Packaging projects with GPU code

Modern Graphics Processing Units (GPUs) can be used, in addition to their original purpose (rendering graphics), for high-performance numerical computing. They are particularly important for deep learning, but also widely used for data science and traditional scientific computing and image processing application.

GPUs from NVIDIA using the CUDA programming language are dominant in deep learning and scientific computing as of today. With both AMD and Intel releasing GPUs and other programming languages for them (ROCm, SYCL, OpenCL), the landscape may become more diverse in the future. In addition, Google provides Tensor Processing Units access in Google Cloud Platform, and a host of startups are developing custom accelerator hardware for high-performance computing applications.

Prominent projects which rely on GPUs and are either Python-only or widely used from Python include TensorFlow, PyTorch, CuPy, JAX, RAPIDS, MXNet, XGBoost, Numba, OpenCV, Horovod and PyMC.

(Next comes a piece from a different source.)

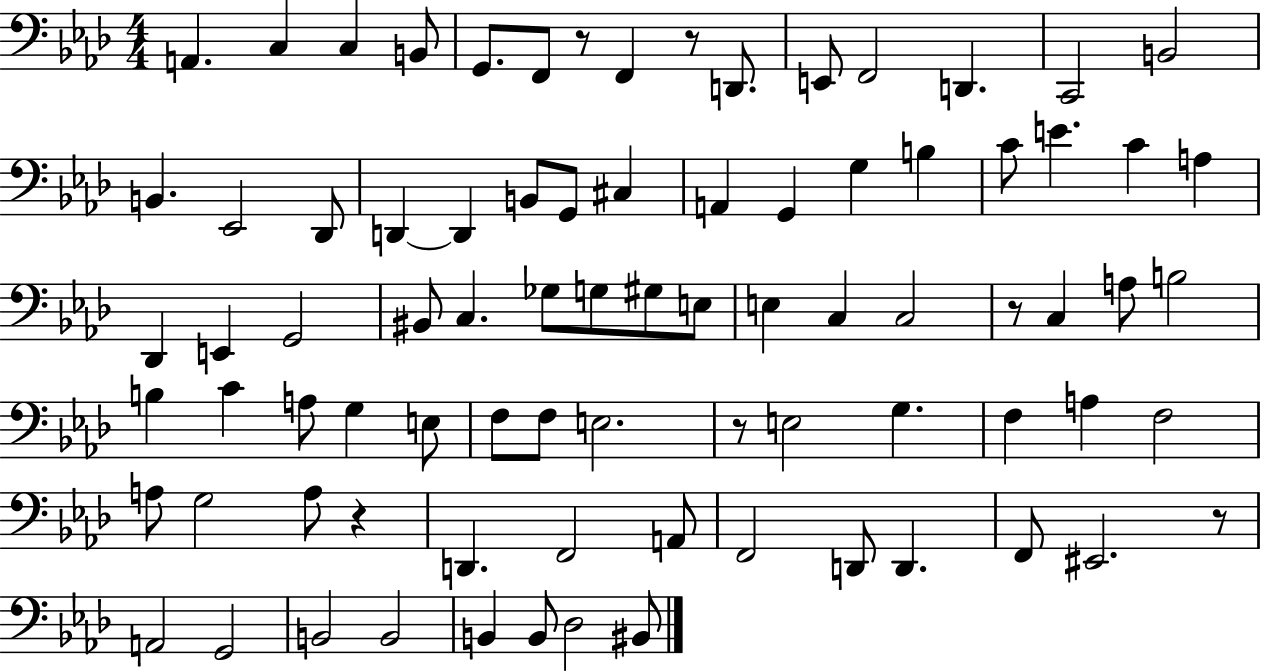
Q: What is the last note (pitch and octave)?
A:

Packaging such projects for PyPI has been, and still is, quite challenging.

Current state

As of mid-2023, PyPI and Python packaging tools are completely unaware of GPUs, and of CUDA. There is no way to mark a package as needing a GPU in sdist or wheel metadata, or as containing GPU-specific code (CUDA or otherwise). A GPU is hardware that may or may not be present in a machine that a Python package is being installed on - pip and other installers are unaware of this. If wheels contain CUDA code, they may require a specific version of the CUDA Toolkit (CTK) to be installed. Again, installers do not know this and there is no way to express this dependency. The same will be true for ROCm and other types of GPU hardware and languages.

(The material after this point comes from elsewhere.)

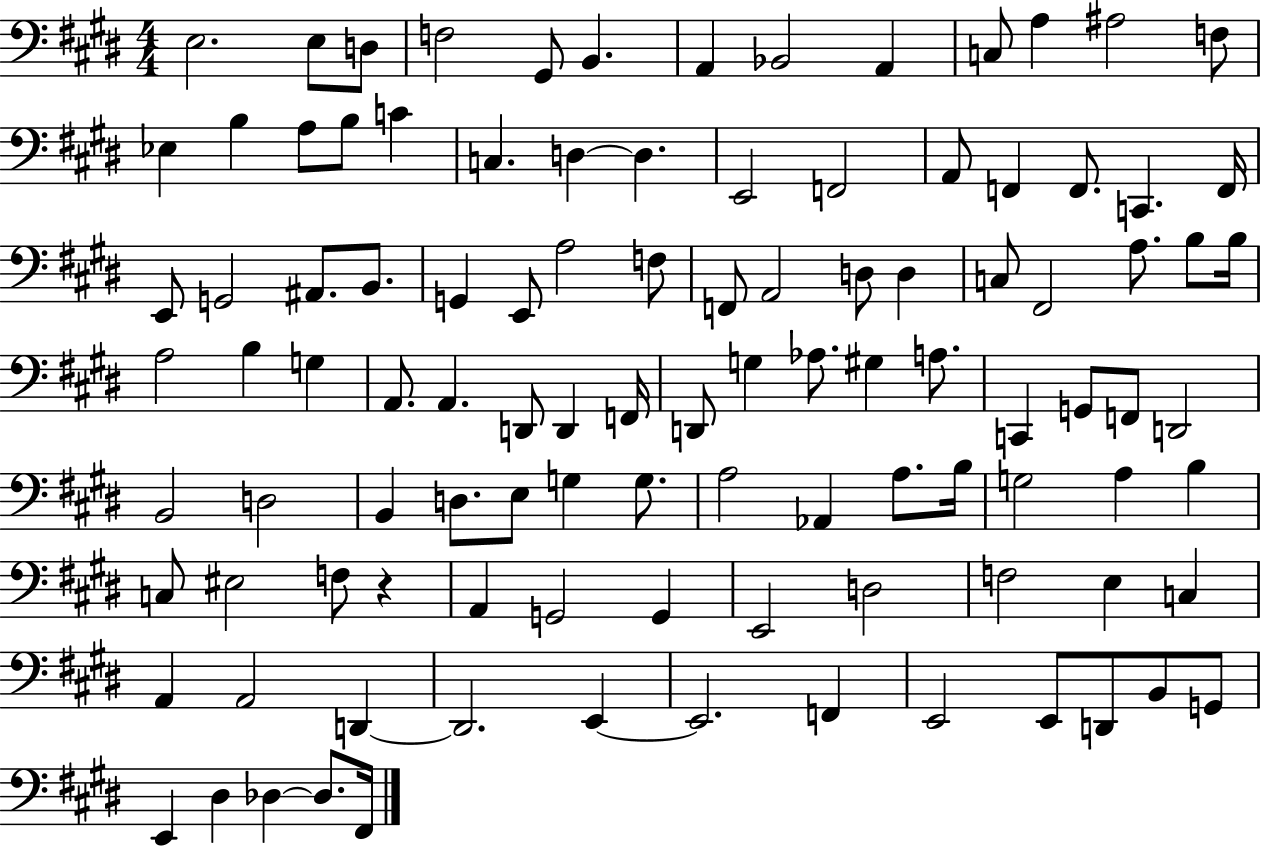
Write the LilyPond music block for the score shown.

NVIDIA has made steps towards better support for CUDA on PyPI. Various library components of the CTK have been packaged as wheels and are now distributed on PyPI, such as nvidia-cublas-cu11, although special care is needed to consume them due to lack of symlinks in wheels. Python wrappers around CUDA runtime and driver APIs have been consolidated into CUDA Python (website, PyPI package), but this package assumes that the CUDA driver and NVRTC are already installed since it only provides Python bindings to the APIs (and no bindings for CUDA libraries are provided as of yet). Many other projects remain hosted on NVIDIA's PyPI Index, which also includes rebuilds of TensorFlow and other packages.

A single CUDA version supports a reasonable range of GPU architectures. New CUDA versions get released regularly, and because they come with bug fixes, improved performance, or new functionalities, it may be necessary or desirable to build new wheels for that CUDA version. If only the supported CUDA version is different between two wheels, the wheel tags and filename will be identical. Hence it is not possible to upload more than one of those wheels under the same package name.

Historically, this required projects to produce packages specific to CUDA minor versions. Projects would either support only one CUDA version on PyPI, or create and self-host different packages. PyTorch and TensorFlow do the former, with TensorFlow supporting only a single CUDA version, and PyTorch providing more wheels for other CUDA versions and a CPU-only version in a separate wheelhouse (see pytorch.org/get-started). CuPy provides a number of packages: cupy-cuda102, cupy-cuda110, cupy-cuda111, cupy-rocm-4-3, cupy-rocm-5-0. This works, but adds maintenance overhead to project developers and consumes more storage and network bandwidth for PyPI.org. Moreover, it also prevents downstream projects from properly declaring the dependency unless they also follow a similar multi-package approach. As of CUDA 11, CUDA promises binary compatibility across minor versions, which allows building packages compatible across an entire CUDA major version. For example, CuPy now leverages this to produce wheels like cupy-cuda11x and cupy-cuda12x that work for any CUDA 11.x or CUDA 12.x version, respectively, that a user has installed. However, libraries that package PTX code cannot take advantage of this process yet (see below).

GPU packages tend to result in very large wheels. This is mainly because compiled GPU libraries must support a number of architectures, leading to large binary sizes. These effects are compounded by the requirements imposed by the manylinux standard for Linux wheels, which results in many large libraries being bundled into a single wheel (see Native dependencies for details). This is true in particular for deep learning packages because they link in cuDNN. For example, recent manylinux2014 wheels for TensorFlow are 588 MB (wheels for 2.11.0 ), and for PyTorch those are 890 MB (wheels for 1.13.0 ). The problems around and causes of GPU wheel sizes were discussed in depth in this Packaging thread on Discourse.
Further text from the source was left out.